Suasana pemeran foto dan diskusi yang digelar AJI Kota Banda Aceh dan PFI Aceh (IDN Times/Istimewa)
Diskusi ini menghadirkan tiga narasumber yang juga jurnalis senior di Aceh, di antaranya Munir Noer (Ketua Pengda IJTI Aceh), Adi Warsidi (CEO Acehkini) dan Hotli Simanjuntak (fotografer EPA).
Saat sesi diskusi, masing-masing pemateri saling menyampaikan pengalamannya saat meliput suasana konflik belasan tahun silam. Munir Noer mengungkapkan, salah satu bentuk tindakan negatif yang dialami jurnalis saat konflik adalah ancaman terhadap keluarga wartawan.

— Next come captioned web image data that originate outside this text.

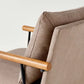 Cushioned Metal & Wood Accent Arm Chair Gray/black - Hearth & Hand With Magnolia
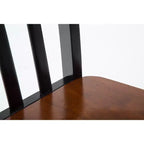 Sedie da pranzo Bloomington Nere e Ciliegio (Set da 2) - Boraam: Legno massello di gomma, Senza braccioli, Capacità 136 kg, Schienale a stecche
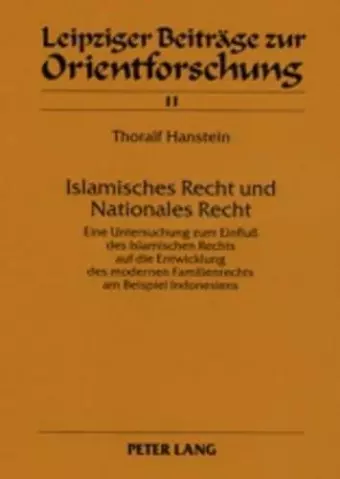 Islamisches Recht Und Nationales Recht- Teil 1 / Teil 2 cover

“Ketika berita naik, keluarga kita akan menjadi ancaman, ini sebuah permasalahan untuk wartawan lokal saat konflik,” ujar Munir, mantan jurnalis RCTI itu.

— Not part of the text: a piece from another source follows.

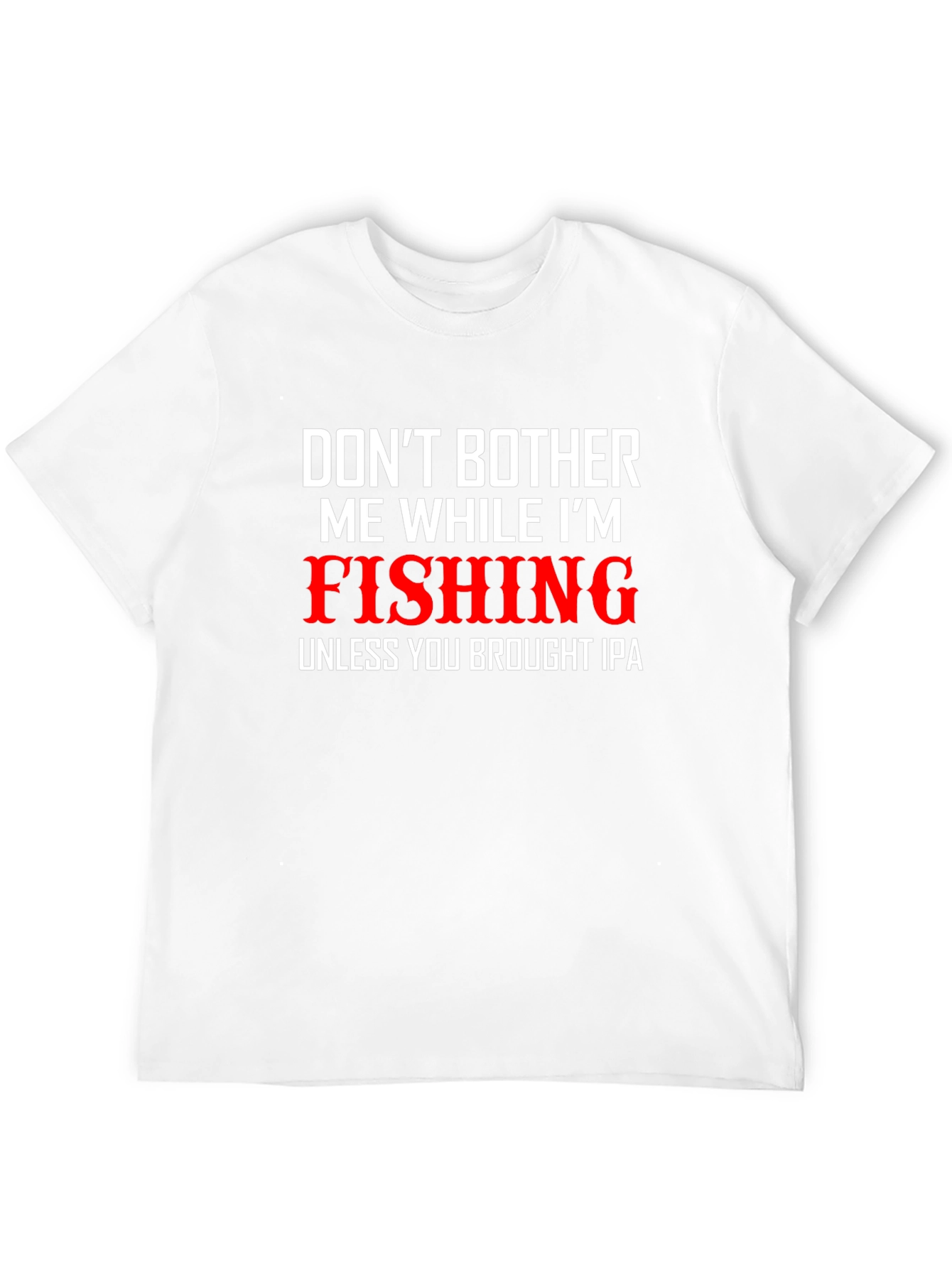 Black Fishing & IPA Graphic Tee - Black Cotton Blend T-Shirt view 12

CEO Acehkini, Adi Warsidi menyampaikan, saat awal darurat militer, pemerintah membuat pembatasan-pembatasan terhadap wartawan di Aceh, sehingga pemberitaannya lebih dominan tentang TNI.
“Awal darurat militer berita tentang GAM banyak tidak termuat. Makanya banyak mobil-mobil yang membawa koran terbakar di perjalananan,” kata Adi Warsidi.

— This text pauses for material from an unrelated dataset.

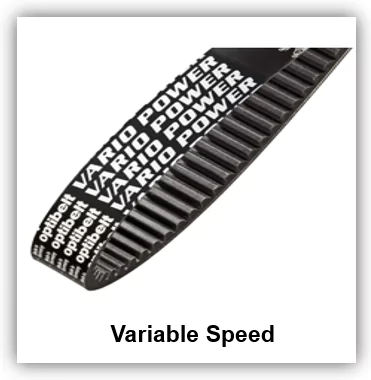 Reliance is a distributor of high power variable speed belts from Optibelt.  Optibelt VARIO POWER variable speed belts are the preferred choice for infinitely variable speed control.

Berbeda lagi yang dialami Hotli Simanjuntak. Sebagai wartawan dari media internasional, ruang geraknya saat konflik lebih luas daripada para jurnalis lokal. Apalagi, kala itu ia berasal dari luar Aceh.
“Saya bisa kemana-mana, kalau mau dicari keluarga ataupun kantor media lokasinya di luar Aceh, jadi sedikit bebas, tetapi tetap ada ancaman dan kendala-kendala selama bertugas,” kata Hotli Simanjuntak.